The above objective function is solved by the alternate iteration method, and the projection matrix W is obtained, and the data matrix after data dimension reduction is Y=W T X.
优选地:步骤1中的数据为人脸图像或高光谱图像。Preferably: the data in step 1 is a face image or a hyperspectral image.
优选地:步骤2中r取1.1。Preferably: in step 2, r is taken as 1.1.
一种基于数据降维方法的人脸识别方法,其特征在于采用所述的降维方法对人脸图像进行降维得到投影矩阵和低维数据,对低维数据采用无监督聚类算法进行聚类,得到各类别的聚类中心;当摄像头采集到新的人脸图像后,利用得到的投影矩阵对新图片进行降维处理,得到低维的投影坐标,计算计算低维投影坐标与各个聚类中心之间的欧式距离并取欧式距离最小的聚类中心,则该聚类中心所属的类别就是新人脸图像的类别。A face recognition method based on a data dimension reduction method, characterized in that the dimension reduction method is used to reduce the dimension of a face image to obtain a projection matrix and low-dimensional data, and an unsupervised clustering algorithm is used to cluster the low-dimensional data. After the camera collects a new face image, it uses the obtained projection matrix to reduce the dimension of the new image to obtain the low-dimensional projection coordinates, and calculate the low-dimensional projection coordinates and each cluster.
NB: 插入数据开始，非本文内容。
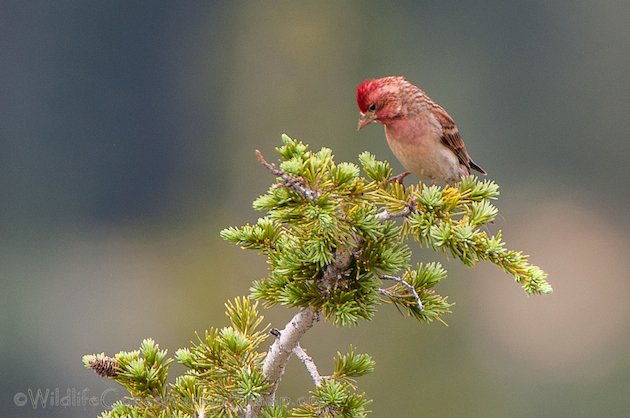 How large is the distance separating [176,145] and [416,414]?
4024 millimetres

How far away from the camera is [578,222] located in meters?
8.97

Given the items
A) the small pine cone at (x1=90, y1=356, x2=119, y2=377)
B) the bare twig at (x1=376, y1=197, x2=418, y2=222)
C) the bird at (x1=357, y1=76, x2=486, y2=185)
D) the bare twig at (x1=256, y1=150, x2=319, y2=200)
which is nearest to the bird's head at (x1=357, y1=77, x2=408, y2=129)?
the bird at (x1=357, y1=76, x2=486, y2=185)

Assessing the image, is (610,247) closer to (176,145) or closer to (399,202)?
(176,145)

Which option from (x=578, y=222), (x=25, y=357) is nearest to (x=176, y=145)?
(x=25, y=357)

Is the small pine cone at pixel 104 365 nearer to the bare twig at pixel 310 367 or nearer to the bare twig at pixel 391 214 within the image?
the bare twig at pixel 310 367

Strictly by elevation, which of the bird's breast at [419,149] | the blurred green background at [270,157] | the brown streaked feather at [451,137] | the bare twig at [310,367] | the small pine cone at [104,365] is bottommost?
the bare twig at [310,367]

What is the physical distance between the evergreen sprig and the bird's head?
32.1 inches

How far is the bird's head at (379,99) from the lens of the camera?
2.45m

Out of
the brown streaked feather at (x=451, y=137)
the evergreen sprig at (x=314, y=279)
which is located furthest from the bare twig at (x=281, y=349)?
the brown streaked feather at (x=451, y=137)

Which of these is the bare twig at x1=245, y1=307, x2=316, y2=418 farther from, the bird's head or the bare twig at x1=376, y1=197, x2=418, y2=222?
the bird's head

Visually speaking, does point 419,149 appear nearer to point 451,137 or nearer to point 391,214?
point 451,137

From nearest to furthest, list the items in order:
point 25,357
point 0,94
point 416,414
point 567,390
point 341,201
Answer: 1. point 341,201
2. point 416,414
3. point 567,390
4. point 25,357
5. point 0,94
The Euclidean distance between the cluster centers and the cluster center with the smallest Euclidean distance is taken, then the category to which the cluster center belongs is the category of the new face image.
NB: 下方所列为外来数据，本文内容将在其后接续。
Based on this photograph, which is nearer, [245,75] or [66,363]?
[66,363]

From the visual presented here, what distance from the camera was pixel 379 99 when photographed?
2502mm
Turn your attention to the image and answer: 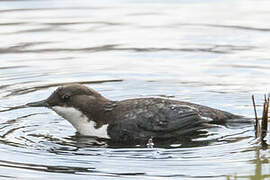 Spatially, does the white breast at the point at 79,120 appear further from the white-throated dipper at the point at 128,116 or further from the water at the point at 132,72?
the water at the point at 132,72

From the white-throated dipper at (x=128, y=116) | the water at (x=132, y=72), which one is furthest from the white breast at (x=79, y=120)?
the water at (x=132, y=72)

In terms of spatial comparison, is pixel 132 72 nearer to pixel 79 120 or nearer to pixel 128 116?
pixel 79 120

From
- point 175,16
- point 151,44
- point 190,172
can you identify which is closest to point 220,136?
point 190,172

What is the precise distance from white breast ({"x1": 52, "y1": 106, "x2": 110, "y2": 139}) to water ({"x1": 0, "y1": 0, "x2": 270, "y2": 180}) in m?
0.16

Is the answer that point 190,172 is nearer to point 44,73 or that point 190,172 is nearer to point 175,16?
point 44,73

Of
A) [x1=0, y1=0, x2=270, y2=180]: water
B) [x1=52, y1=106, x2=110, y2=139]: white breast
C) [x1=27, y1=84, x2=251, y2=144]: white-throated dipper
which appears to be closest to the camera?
[x1=0, y1=0, x2=270, y2=180]: water

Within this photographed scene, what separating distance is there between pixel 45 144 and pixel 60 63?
4.79 m

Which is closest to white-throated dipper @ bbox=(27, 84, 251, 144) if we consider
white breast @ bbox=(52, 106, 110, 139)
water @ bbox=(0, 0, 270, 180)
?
white breast @ bbox=(52, 106, 110, 139)

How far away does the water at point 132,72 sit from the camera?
11.0m

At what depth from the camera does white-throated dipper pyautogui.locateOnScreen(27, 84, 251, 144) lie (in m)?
12.3

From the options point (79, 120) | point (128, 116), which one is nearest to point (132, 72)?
point (79, 120)

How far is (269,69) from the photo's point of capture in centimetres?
1559

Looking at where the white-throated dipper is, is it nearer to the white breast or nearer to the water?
the white breast

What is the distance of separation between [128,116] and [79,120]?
2.49ft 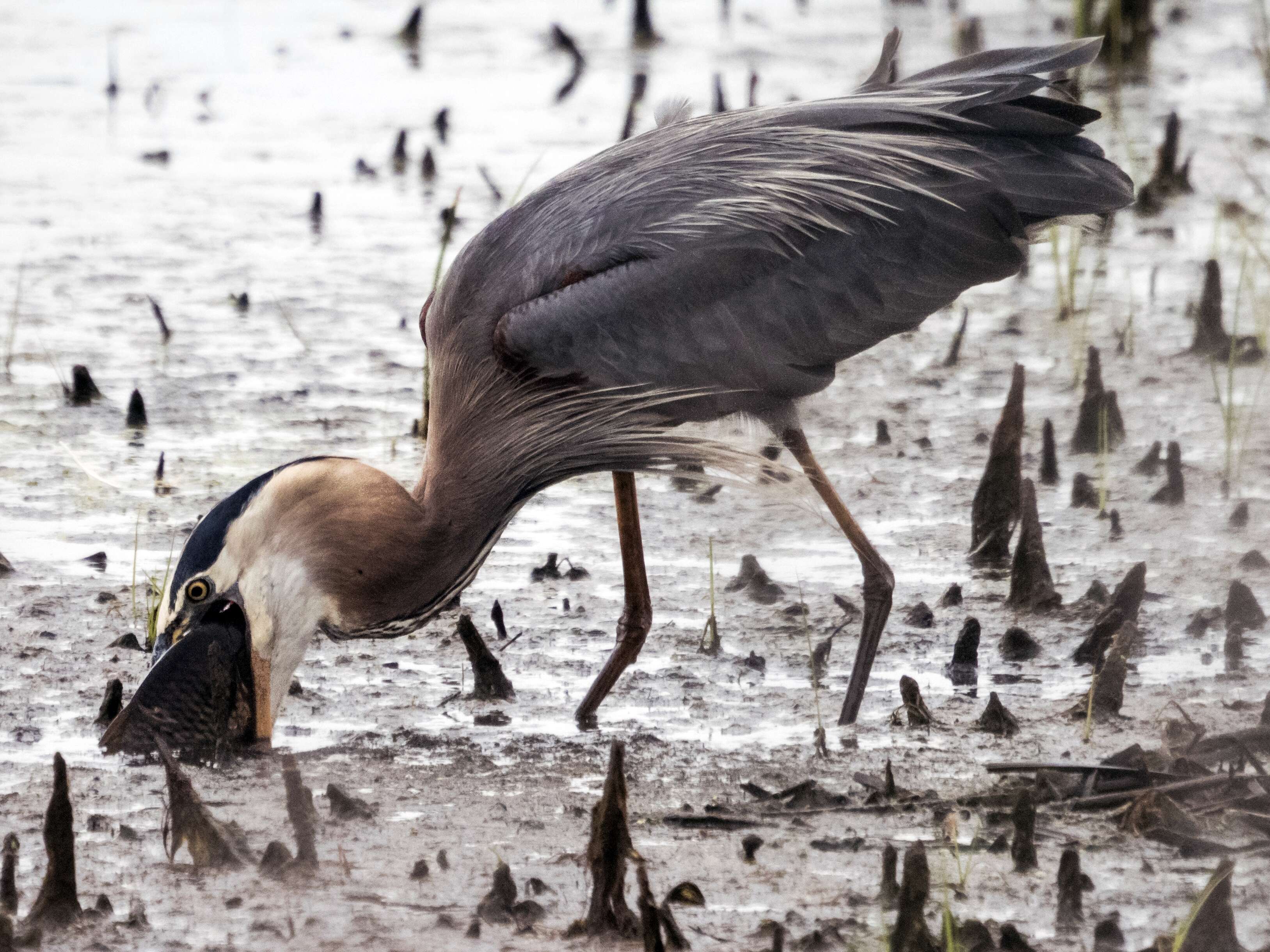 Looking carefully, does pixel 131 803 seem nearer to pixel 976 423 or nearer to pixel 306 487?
pixel 306 487

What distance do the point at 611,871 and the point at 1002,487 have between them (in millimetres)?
2654

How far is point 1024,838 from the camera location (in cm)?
365

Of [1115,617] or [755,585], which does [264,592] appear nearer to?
[755,585]

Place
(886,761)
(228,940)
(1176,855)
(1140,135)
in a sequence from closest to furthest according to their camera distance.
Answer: (228,940), (1176,855), (886,761), (1140,135)

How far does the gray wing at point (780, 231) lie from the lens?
471 centimetres

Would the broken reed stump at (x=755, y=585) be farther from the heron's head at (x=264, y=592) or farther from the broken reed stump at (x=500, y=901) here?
the broken reed stump at (x=500, y=901)

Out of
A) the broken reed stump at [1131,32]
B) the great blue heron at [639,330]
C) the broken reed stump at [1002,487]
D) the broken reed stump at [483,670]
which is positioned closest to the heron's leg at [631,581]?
the great blue heron at [639,330]

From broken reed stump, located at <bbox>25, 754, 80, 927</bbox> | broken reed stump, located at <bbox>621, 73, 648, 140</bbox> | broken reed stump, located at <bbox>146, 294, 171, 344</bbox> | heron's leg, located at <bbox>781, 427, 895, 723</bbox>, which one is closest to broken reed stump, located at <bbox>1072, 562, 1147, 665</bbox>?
heron's leg, located at <bbox>781, 427, 895, 723</bbox>

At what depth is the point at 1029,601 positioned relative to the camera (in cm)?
530

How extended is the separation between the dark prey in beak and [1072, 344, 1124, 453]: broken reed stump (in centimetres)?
326

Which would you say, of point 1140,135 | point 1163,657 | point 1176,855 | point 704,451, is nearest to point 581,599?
point 704,451

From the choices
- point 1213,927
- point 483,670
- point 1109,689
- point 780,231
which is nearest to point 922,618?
point 1109,689

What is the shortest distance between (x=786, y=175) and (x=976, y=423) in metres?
1.90

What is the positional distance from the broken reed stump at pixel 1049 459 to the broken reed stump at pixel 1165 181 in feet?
9.49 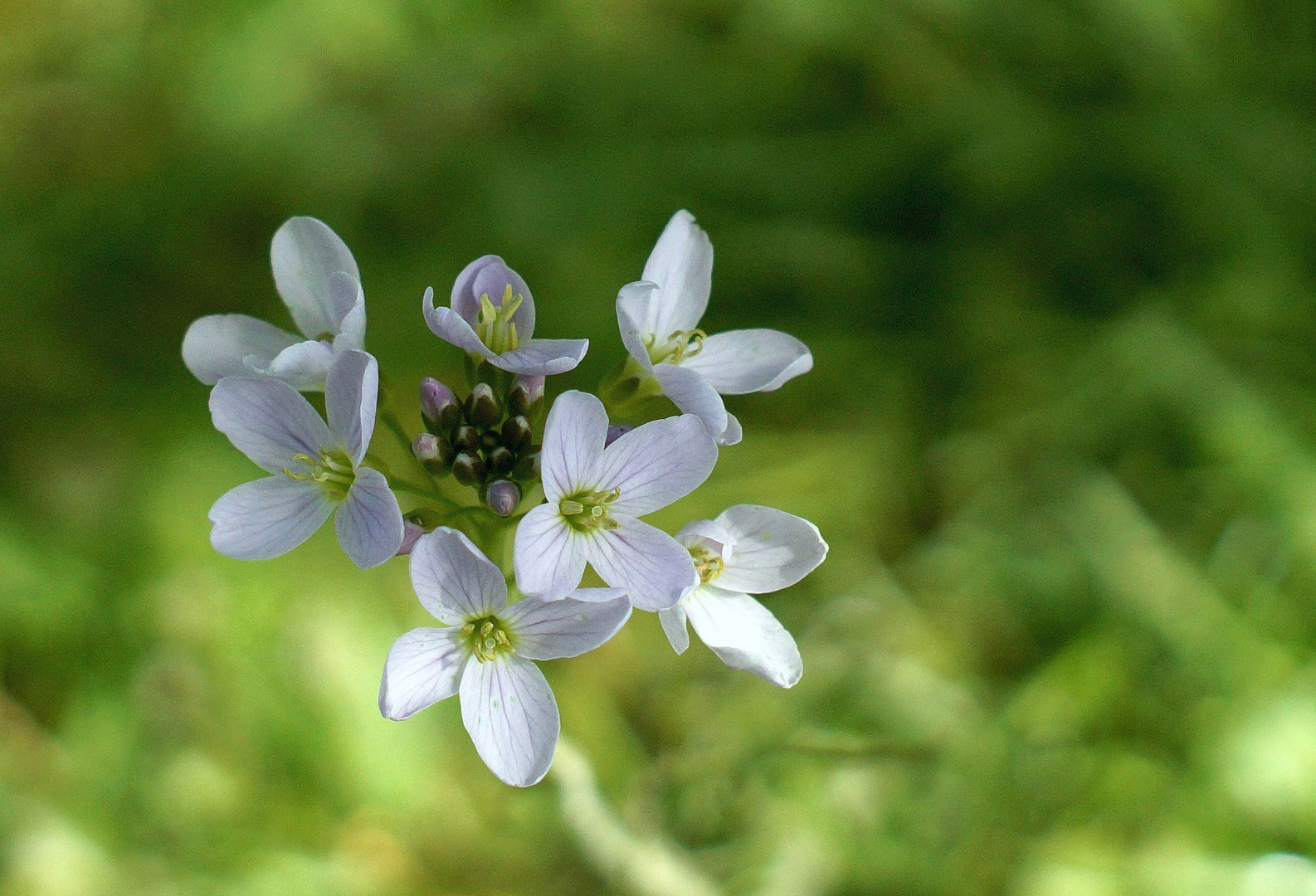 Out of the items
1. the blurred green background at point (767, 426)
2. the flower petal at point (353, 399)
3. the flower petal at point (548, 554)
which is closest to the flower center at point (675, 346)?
the flower petal at point (548, 554)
本发明提出的一种自适应近邻图嵌入的无监督数据降维方法,有益效果如下:An unsupervised data dimensionality reduction method for self-adaptive nearest neighbor graph embedding proposed by the present invention has the following beneficial effects:
(1)通过发明步骤1提出了一种新的近邻图的构建方法,避免了传统k近邻图构建时对噪声敏感。该种近邻图的构建方法不仅能用于数据降维算法中,同时可以扩展到聚类等其他需要构建近邻图的算法中。(1) A new method for constructing the nearest neighbor graph is proposed through the invention step 1, which avoids the sensitivity to noise when the traditional k-nearest neighbor graph is constructed. This method of constructing the nearest neighbor graph can not only be used in the data dimensionality reduction algorithm, but also can be extended to other algorithms that need to construct the nearest neighbor graph, such as clustering.
(2)通过发明步骤3将近邻图的学习与数据降维中投影矩阵的学习融合到一个框架中,在子空间中不断更新近邻图的构建,最终可得到一个合理的近邻图,该构建方法能自适应地寻找合理的近邻图,适用于不同类型的数据集。(2) Through the invention step 3, the learning of the neighbor graph and the learning of the projection matrix in the data dimensionality reduction are combined into a framework, and the construction of the neighbor graph is continuously updated in the subspace, and finally a reasonable neighbor graph can be obtained. The construction method It can adaptively find reasonable neighbor graphs and is suitable for different types of data sets.
(3)本发明提出一种基于图嵌入降维的人脸识别方法。在降维处理步骤中,通过近邻图的不断更新构建最优的近邻图,以此来更好地保持数据的局部结构,同时把数据的整体信息考虑在内,得到包含更加有效特征的低维数据。在低维空间内进行人脸识别,可以降低数据的存储量,减小数据的计算量,提高计算效率,最终提高人脸识别技术的实时性和识别精度。(3) The present invention proposes a face recognition method based on graph embedding dimension reduction. In the dimensionality reduction processing step, the optimal neighbor graph is constructed through the continuous update of the neighbor graph, so as to better maintain the local structure of the data, and at the same time, the overall information of the data is taken into account to obtain a low-dimensional image containing more effective features. data. Performing face recognition in low-dimensional space can reduce the amount of data storage, reduce the amount of data calculation, improve computing efficiency, and ultimately improve the real-time performance and recognition accuracy of face recognition technology.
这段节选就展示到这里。